Excerpts from remarks made at the May 26, 1966, “Mess Night,” held in Washington, D.C., to honor the Naval Supply Systems Command.
BY REAR ADMIRAL H. J. GOLDBERG, SC, USN COMMANDER, NAVAL SUPPLY SYSTEMS COMMAND
It is with mixed emotions and a deep sense of humility that, as the last Chief of the Bureau of Supplies and Accounts, I accept this flag of our former Corps’ home – but it will be with an equally deep sense of pride then I present it to the Truxtun-Decatur Museum where it will continue to fly in honor of the long and glorious history of the Bureau.
For the Bureau of Supplies and Accounts has served our Navy and Corps well. Under the leadership of a long line of illustrious predecessors, the Bureau of Supplies and Accounts has been the organization most responsible for the integration of heterogeneous supply efforts into a unified Navy Supply System responsive to our Navy’s requirements. And, equally, if not more important, BuSandA has provided the home for our Corps – a home in which those family responsibilities of acquisition, training pride and career planning were coordinated to produce the cohesive body of business and financial managers that comprise the Supply Corps today.
But as an organization, BuSandA’s life was subject to the same element that gave it birth – change. As the philosopher said, “there is nothing permanent except change.” And as Disraeli added, “change is inevitable in a progressive country.”
It was change in management thinking that led in 1842 to the creation of the Bureau of Provisions and Clothing. The progressive expansion of that Bureau’s responsibilities dictated changing its name to the Bureau of Supplies and Accounts in 1892. Now, nearly 3/4 of a century later, the need to align organization with weapons system and project management concepts has once again dictated a change – the demise of BuSandA and the birth of the Naval Supply Systems Command.
Just as the Bureau’s role in the Navy changed and grew, so has the role of the Supply Corps – from purveyors, to pursers, to paymasters, to business and financial managers.
So much for the past, for the future it is important that the Corps continues to have a home, and continues to grow in capacity to serve out Navy and nation.
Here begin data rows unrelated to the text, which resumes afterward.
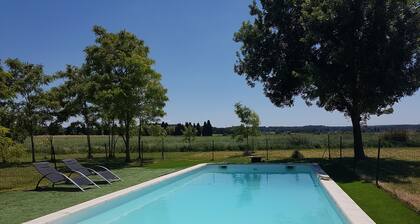 Évasion Provençale: bright house with swimming pool and large garden!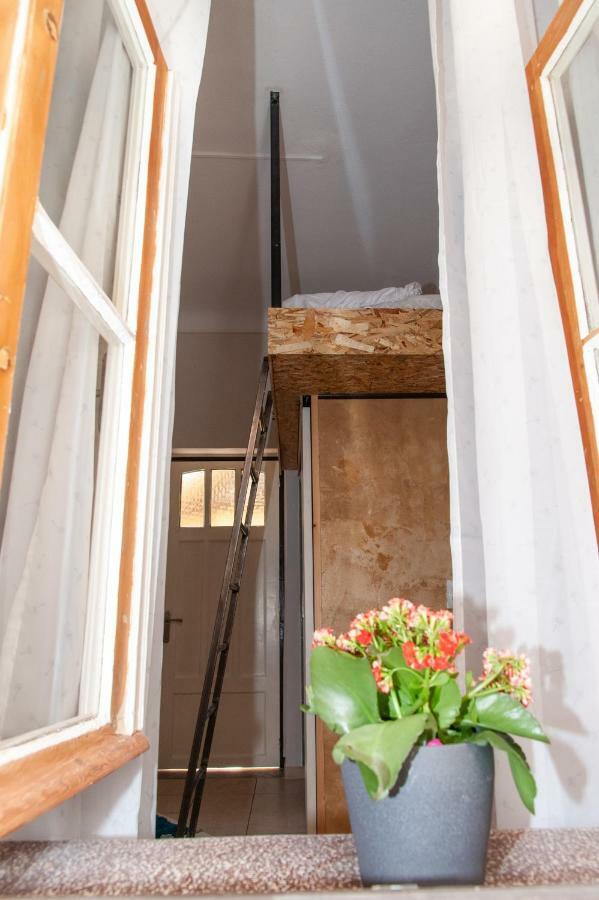 17 Flats And Roof Garden Apartment Atena Exterior foto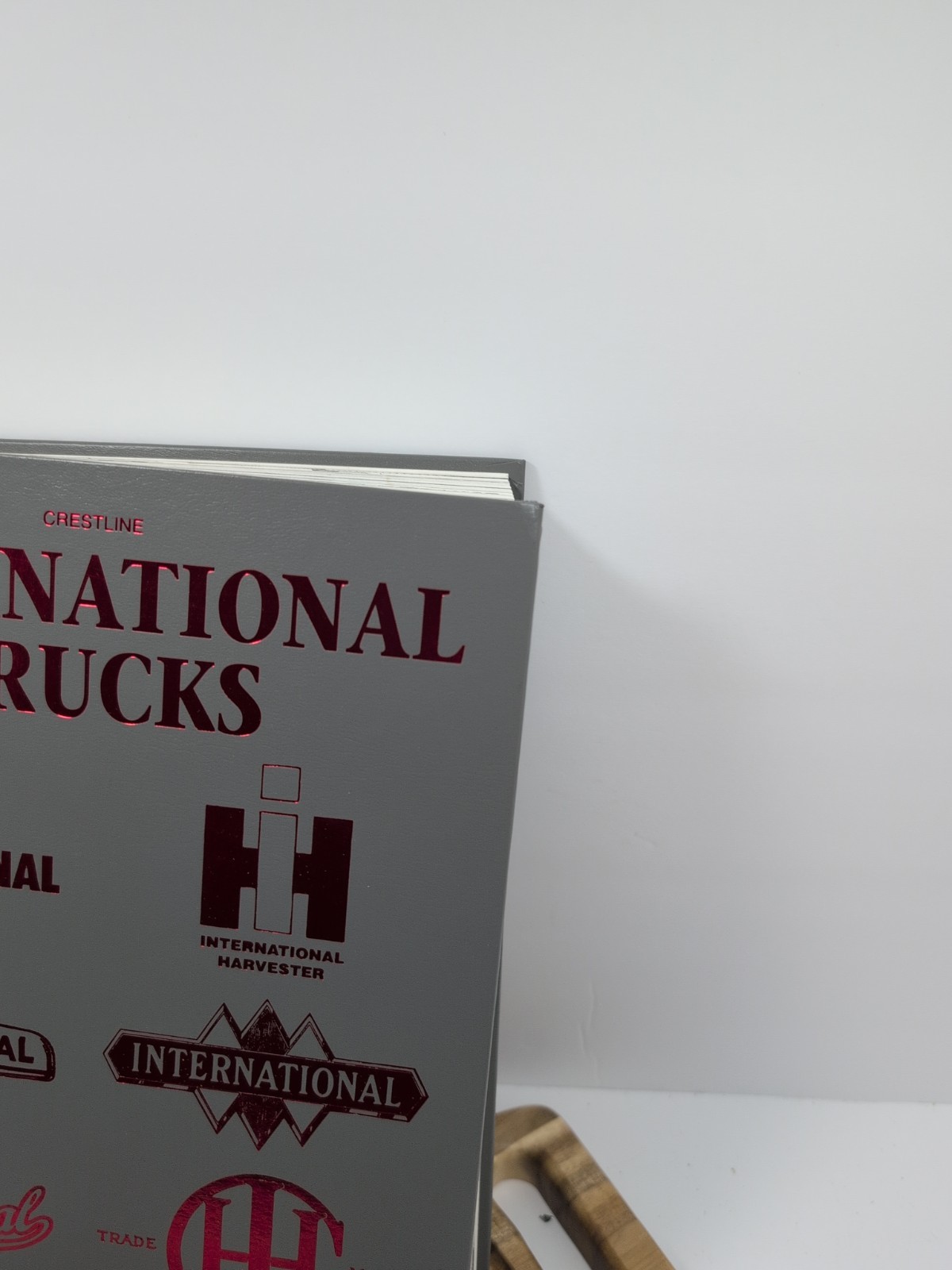 Huge Hardcover INTERNATIONAL TRUCKS ~ History & Photos ~ Crestline ~ by Crismon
The Naval Supply Systems Command Headquarters provides the required home.
To enhance our Corps’ capacity to serve – to keep pace with the growing importance and integration of logistics; the trend to stronger centralized direction of logistics operations; the trend toward civilianization [of Vietnam]; and the rapid technological advances which are reshaping the face of logistics – to keep pace with all of these trends, a set of long-range objectives for our Corps is necessary.
So, under my personal direction I have established a committee and hired a consulting firm to undertake four principle tasks:
- To study the future trends of business and logistics management in the armed services;
- To study the proper role and responsibilities of the Navy Supply Corps in that management;
- To develop a statement of Supply Corps objectives related to that role; and
- To develop action plans to achieve the objectives.
The Supply Corps objectives study is an “all hands” effort which is important, not only to the Corps, but the Navy. Therefore, with all my heart I solicit the participation of every officer from ensign to admiral and I am counting upon each of you to pass the word. We need the thoughts and ideas of as many members of the Corps as possible. I assure you they will be given full consideration and the sooner they are received, the more consideration they can receive. Your clear channel to participating in this work is to send your thoughts in writing to OP [Office of Personnel].
The mere setting of objectives will go a long way to achieving them – for while organizational change is inevitable, the destiny of the Supply Corps is not. As Tennyson said, “man is master of his fate.”
The burden of proof is on us to live up to Vice Admiral Galantin’s opinion when he said that: “the progressive outlook, the quest for improvements which mark the Supply Corps, indicate that far into the future, the U.S. Navy will lead both in the science of logistics and in the art of logistics.”
In the final analysis, the future of the Supply Corps will be a function of the capability, dedication and performance of each and every man in the Corps, and this is why I chose to hold this “mess night” – this traditional dining-in ceremony which officers over the centuries have held to symbolize their dedication to the service of their country.
I think it is essential that this “mess night’ be a night of rededication of the Corps, that we reaffirm our motto, “Ready for Sea,” that we honor the successor of that flag by being truly worthy of our new home, our Navy and our nation.